Chennai’s shoreline is dotted with small-scale fishing hamlets facing an uncertain future due to rapid urbanisation and consequent climate change. Urur Olcott, which falls in the Chennai South constituency, is home to nearly 500 families. A hereditary profession, the small-scale fishery is a low-technology, low-capital and labour-intensive occupation carried out near shore as opposed to trawlers and mechanised boats in the deep sea.
“I hear water levels are rising because snow-capped mountains are melting. We would probably have to relocate soon. And if we do, we’d be lost. Aside from the fish trade, I don’t know what else to do,” says Palayam, 55. “Unlike during my father’s time, there’s so much pollution now. The rivers running through the city that drain into the sea are polluted, and the fish that come from the rivers are dead,” he adds.

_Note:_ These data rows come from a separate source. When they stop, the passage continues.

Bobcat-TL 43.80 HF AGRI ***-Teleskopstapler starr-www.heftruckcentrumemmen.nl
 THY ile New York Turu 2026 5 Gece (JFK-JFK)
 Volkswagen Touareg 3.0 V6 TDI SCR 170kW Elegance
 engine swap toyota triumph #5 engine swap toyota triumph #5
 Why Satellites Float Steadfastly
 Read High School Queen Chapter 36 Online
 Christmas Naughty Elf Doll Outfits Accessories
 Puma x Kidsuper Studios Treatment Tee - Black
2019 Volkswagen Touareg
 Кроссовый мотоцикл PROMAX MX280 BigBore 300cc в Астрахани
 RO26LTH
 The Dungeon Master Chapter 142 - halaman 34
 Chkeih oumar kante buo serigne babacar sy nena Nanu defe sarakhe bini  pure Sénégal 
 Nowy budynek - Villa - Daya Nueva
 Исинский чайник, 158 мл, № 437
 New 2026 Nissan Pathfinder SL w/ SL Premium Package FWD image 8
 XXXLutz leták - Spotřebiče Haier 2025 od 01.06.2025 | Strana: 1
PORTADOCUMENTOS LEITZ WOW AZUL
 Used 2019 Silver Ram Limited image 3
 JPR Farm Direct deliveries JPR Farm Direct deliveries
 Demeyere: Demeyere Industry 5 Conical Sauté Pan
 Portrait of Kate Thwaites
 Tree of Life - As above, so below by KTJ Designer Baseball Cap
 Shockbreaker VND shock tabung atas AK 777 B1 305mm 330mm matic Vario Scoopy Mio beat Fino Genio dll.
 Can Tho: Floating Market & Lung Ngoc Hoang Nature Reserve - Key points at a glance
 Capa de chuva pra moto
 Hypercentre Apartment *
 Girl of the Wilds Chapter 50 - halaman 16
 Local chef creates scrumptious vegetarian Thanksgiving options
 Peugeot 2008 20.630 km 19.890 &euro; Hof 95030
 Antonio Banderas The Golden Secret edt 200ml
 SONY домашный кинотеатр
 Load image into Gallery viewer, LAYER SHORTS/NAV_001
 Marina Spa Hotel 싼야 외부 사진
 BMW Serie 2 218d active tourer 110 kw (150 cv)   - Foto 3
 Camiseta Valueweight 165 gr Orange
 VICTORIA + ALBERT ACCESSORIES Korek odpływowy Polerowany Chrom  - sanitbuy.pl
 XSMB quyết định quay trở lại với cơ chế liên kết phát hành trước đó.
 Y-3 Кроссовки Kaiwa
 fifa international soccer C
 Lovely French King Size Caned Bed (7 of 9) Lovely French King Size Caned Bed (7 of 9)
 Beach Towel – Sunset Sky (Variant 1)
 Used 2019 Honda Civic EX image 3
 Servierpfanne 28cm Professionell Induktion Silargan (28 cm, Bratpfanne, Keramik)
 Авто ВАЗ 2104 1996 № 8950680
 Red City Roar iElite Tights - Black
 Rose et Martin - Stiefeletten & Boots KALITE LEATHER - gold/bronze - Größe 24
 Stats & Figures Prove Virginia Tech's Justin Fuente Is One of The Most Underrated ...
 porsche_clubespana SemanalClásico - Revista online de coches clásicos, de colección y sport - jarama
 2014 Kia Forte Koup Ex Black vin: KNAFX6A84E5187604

Their daily catch has also decreased over the years. Since the tsunami in 2004 and more recently, Cyclone Okhi in 2017 and Cyclone Gaja in 2018, Palayam says fishermen can no longer predict the currents or tell what fish they will get. “Today, there are no rains and strong heat. While we used to be able to say when it would rain, no one can tell anymore,” he says while claiming that from a 100 varieties of fish in the near sea, there is now only a handful available near shore.
Dr Raghu Prakash R, the principal scientist at the Central Institute of Fisheries Technology (ICAR CIFT) under the Ministry of Agriculture, says climate change is likely to have an impact on marine life. “Due to warming of oceans, there is a chance that fish will shift to cooler, deeper areas. The first impact will be on the small-scale fishermen,” he tells IndianExpress.com.
While there are reports to indicate that species are declining in coastal waters due to climate change, Prakash says there is no evidence of this. Natural calamities, however, he says have definitely had a physical impact on the marine ecosystem.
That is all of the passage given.